Devant son succès, nous allons lancer cette année une antenne dans le Châtillonnais, afin d’aller à la rencontre de familles qui ne pourraient pas faire le déplacement jusqu’à Dijon. Cette maison a et doit garder une vocation départementale. Prendre soin de nos ados est une belle mission pour préparer l’avenir. »
– Christiane Estève (Alliance écologiste) : « Les maisons de l’adolescent sont désormais bien représentées dans les villes françaises. Elles répondent en partie à un besoin d’information, qui devrait être davantage promu par les parents et au sein des lycées (lieu d’échange et d’écoute). Face au malaise des adolescents, face à certaines difficultés en matière d’information sanitaire, contraceptive/contragestive ou sexuelle, par exemple, il ne faut pas rester silencieux ; on peut ajouter des informations citoyennes liées à la responsabilisation écologique. Je suis donc favorable à prévenir et à informer, à répondre aux questions, plutôt que rester dans le non-dit et la contrainte. Cependant, il faudra veiller à ce que ces lieux ne soient pas infiltrés par les marques ou les laboratoires, comme on peut facilement le craindre, pour inciter à des consommations dirigées de produits alimentaires, médicamenteux (vaccins) ou superflus. »
– Pascal Moriou (Debout la République) : « Le concept de la Maison de l’adolescence est excellent et doit être développé à l’ensemble du département. Ce concept permet aux services sociaux du conseil général d’accompagner les ados en difficulté. C’est un axe majeur d’aide à la formation, à l’orientation, à la découverte de la vie sociale.
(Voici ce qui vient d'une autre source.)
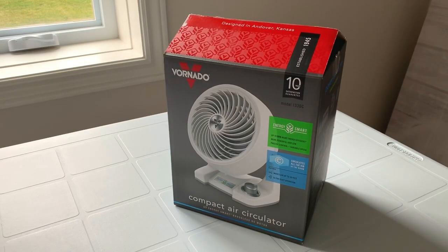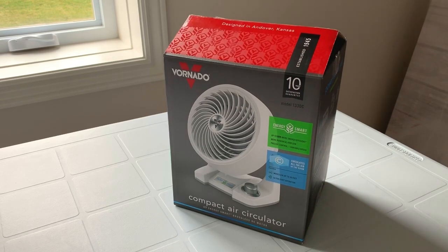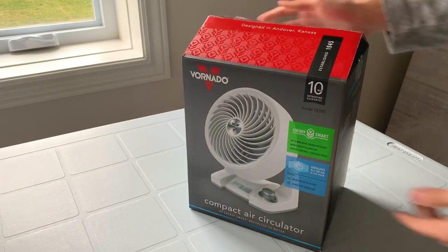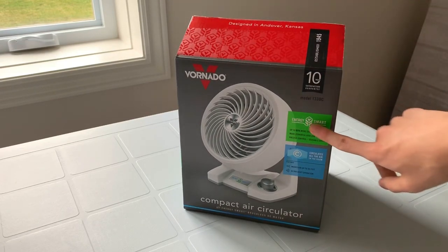Hey guys, it's been quite a while since I last did an unboxing video, but today what we have here is a Vornado EnergySmart air circulator. This one is the model 133DC, the smallest model that Vornado offers in the EnergySmart series.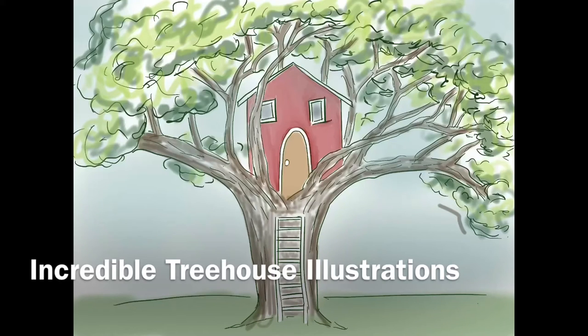Hi there and welcome to Drawing for Kids. Even though we're not together at the library, I am so excited to be able to draw with you all today. Today we're going to be drawing incredible treehouse illustrations.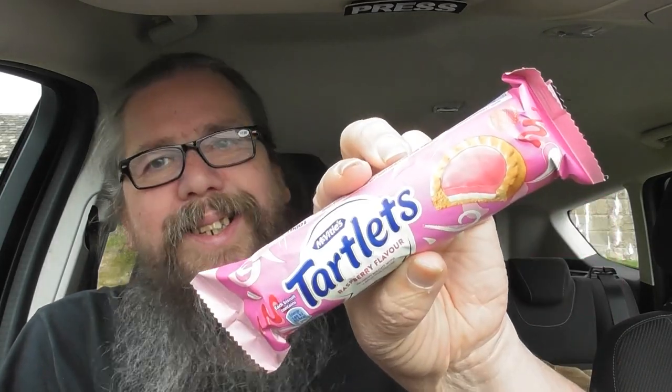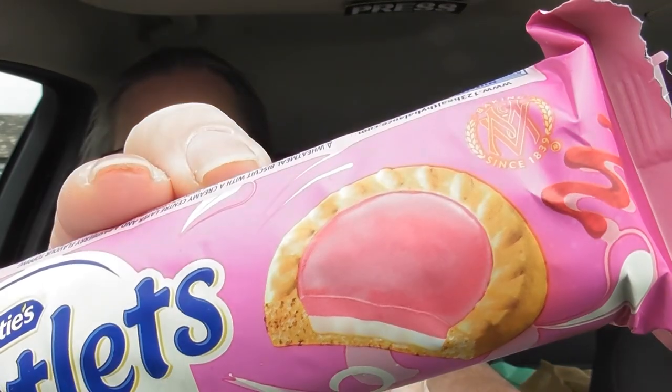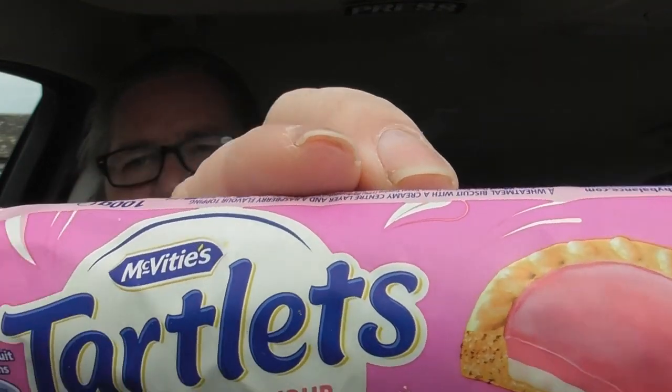I found McVitie's Tartlets — raspberry flavour, crunchy biscuit with a delicious centre. Now I've never seen these before, but anything that looks biscuity with a creamy centre and like a raspberry fondant — we'll see if it actually does look like that in a minute or two — it really has to be good, doesn't it?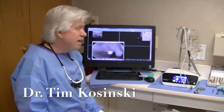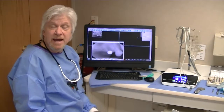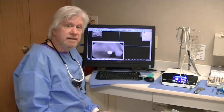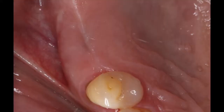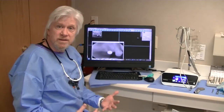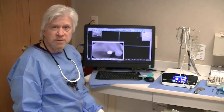Hi, I'm Dr. Tim Kaczynski, and today we are going to demonstrate the protocol for placing a Han dental implant in the edentulous maxillary right second bicuspid area. I want to go through the entire process to make you more efficient and proficient in your implant placement.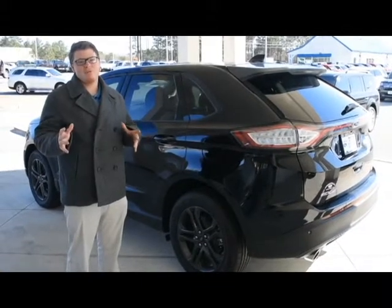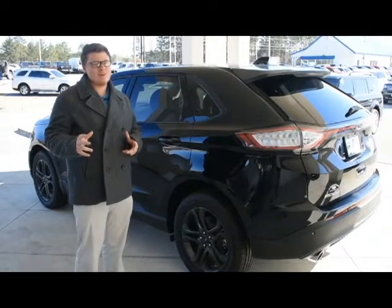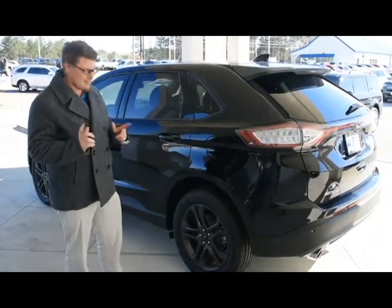Hey guys, Bobby over here at Loganville Ford with one of your mechanical mitts for the week. Today we're going to discuss rotating your valve stem caps. Let's get to it.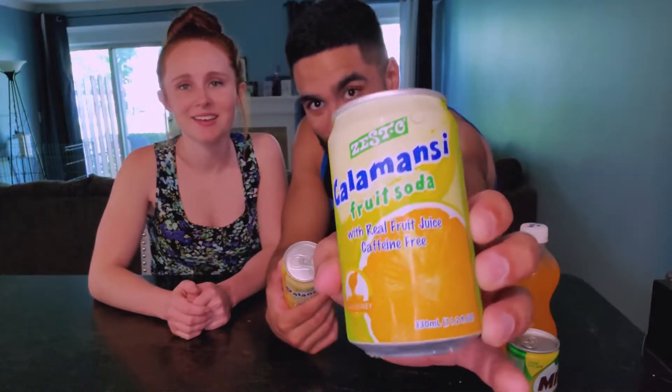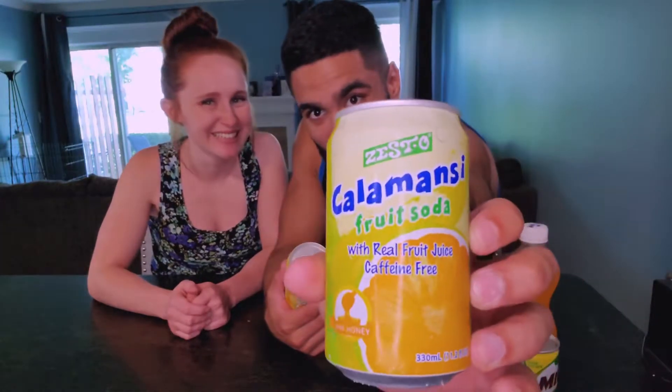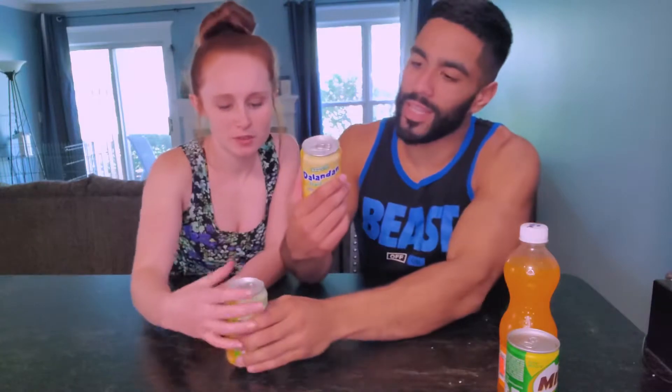First one we're gonna get into — these kind of look the same, but they're not the same because they got different names. They're fruit soda. One's called Kalamanzi or Kalamazi — we should have done research on what that meant. Fruit soda, caffeine free.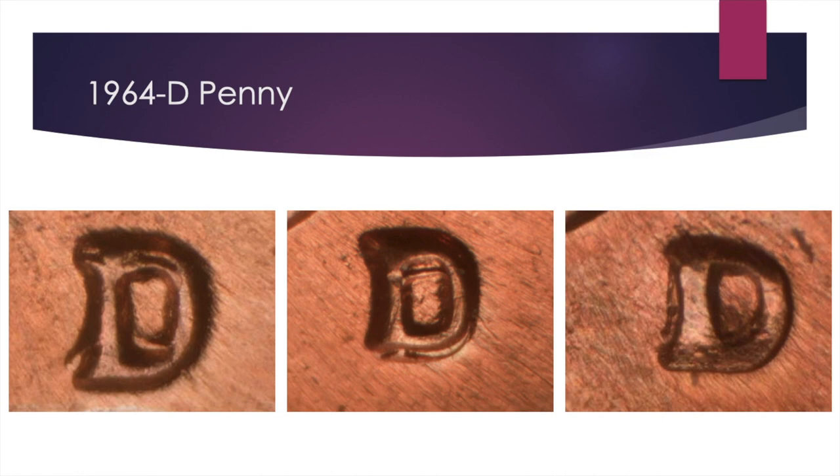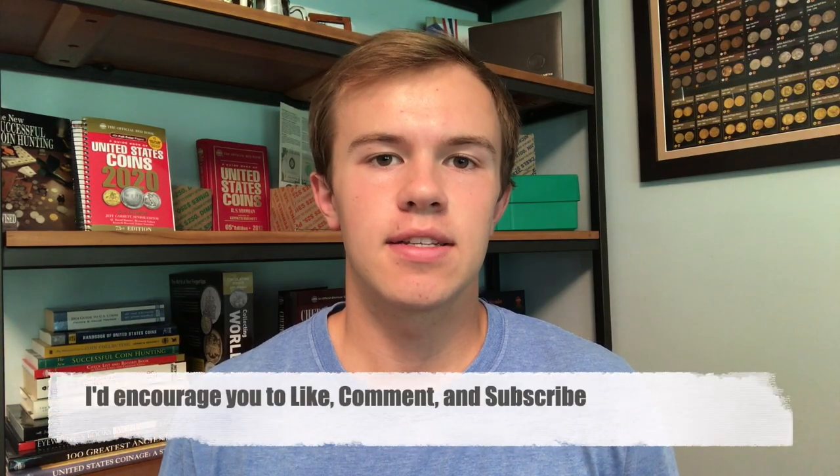So there's not a ton there, but it is fun to just search for these. And if you're cherry-picking every coin, you still wanna be looking out for the repunched mint marks on the 1964D Penny, as well as pretty much most of the Denver Mint pennies from maybe 1959 to 1980. Thanks for watching the video. I'd encourage you to like, comment, and subscribe.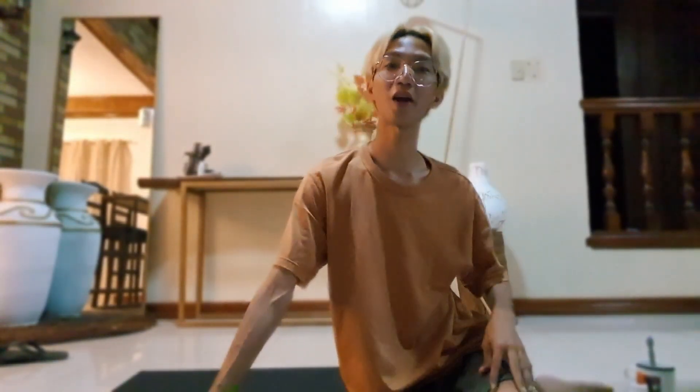Hi guys! Welcome back to my channel. This is Aldrin Ramos, and for today's vlog, we're going to be making another DIY project.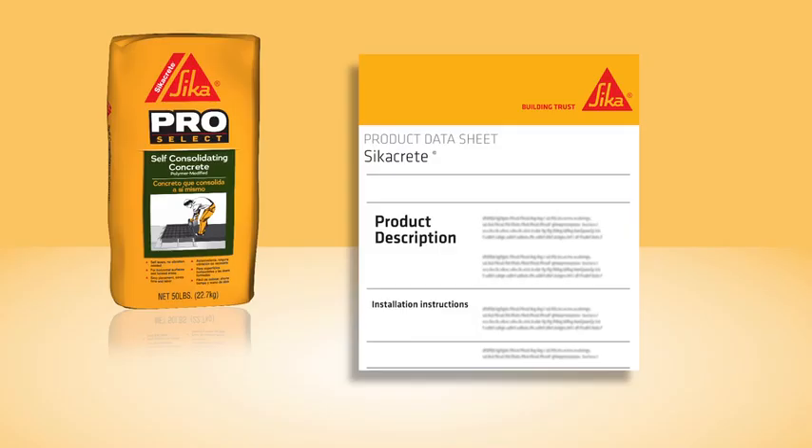As always, carefully follow the detailed installation instructions found on the product data sheet.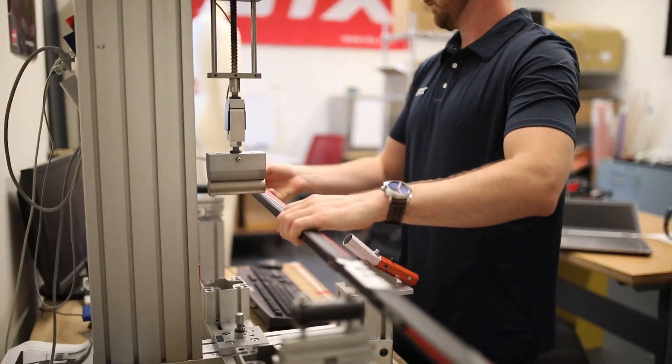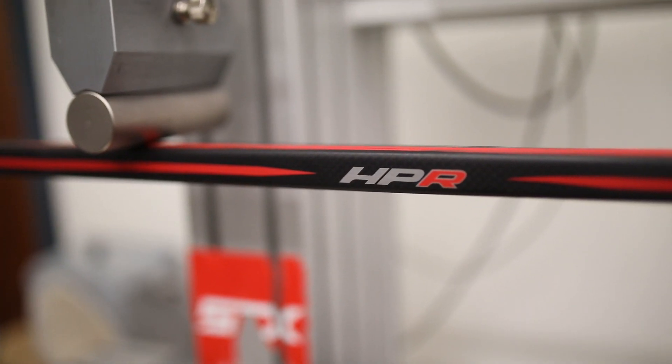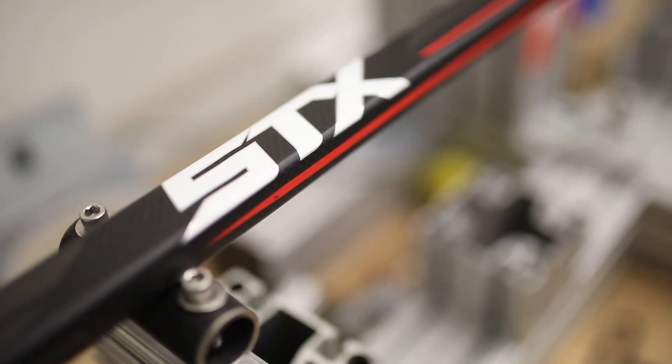Even though our stick is at the performance level, it actually has a perceived weight much lower than it actually is. So when a player picks it up and says 'wow, this is really light,' we explain to them that you're actually not going to lose any durability with it, because it's that perceived balance point. That clicks in their heads — it feels light but they're not going to lose durability or performance.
Un tel projet est plus utile et moins coûteux que le pharaonique site d’Alésia ».
– Gérard Pierre (Front de gauche) : « Les Maisons de l’adolescence relèvent en vérité d’un dispositif national mais leur action est départementale. L’Adosphère s’adresse à des publics, de 11 à 24 ans, en théorie dans l’ensemble du département sans en avoir les moyens humains et matériels. Les jeunes en difficulté, en souffrance, y trouvent écoute, conseils et orientation. Son point fort est évidemment le partenariat de référence qui la lie au CHS de la Chartreuse, gage de l’intervention de professionnels.
Le défi qui est devant nous consisterait à en faire l’intervenant principal dans les collèges en lien avec les services sociaux de l’Éducation nationale car les jeunes, collégiens et lycéens, demeurent les grands oubliés des politiques sociales. Depuis mai 2008, le bilan semble à la hauteur des ambitions mais, comme partout aujourd’hui, avec un manque criant de moyens, en raison de la politique d’austérité gouvernementale relayée, ici, par messieurs Sauvadet et Dugourd. »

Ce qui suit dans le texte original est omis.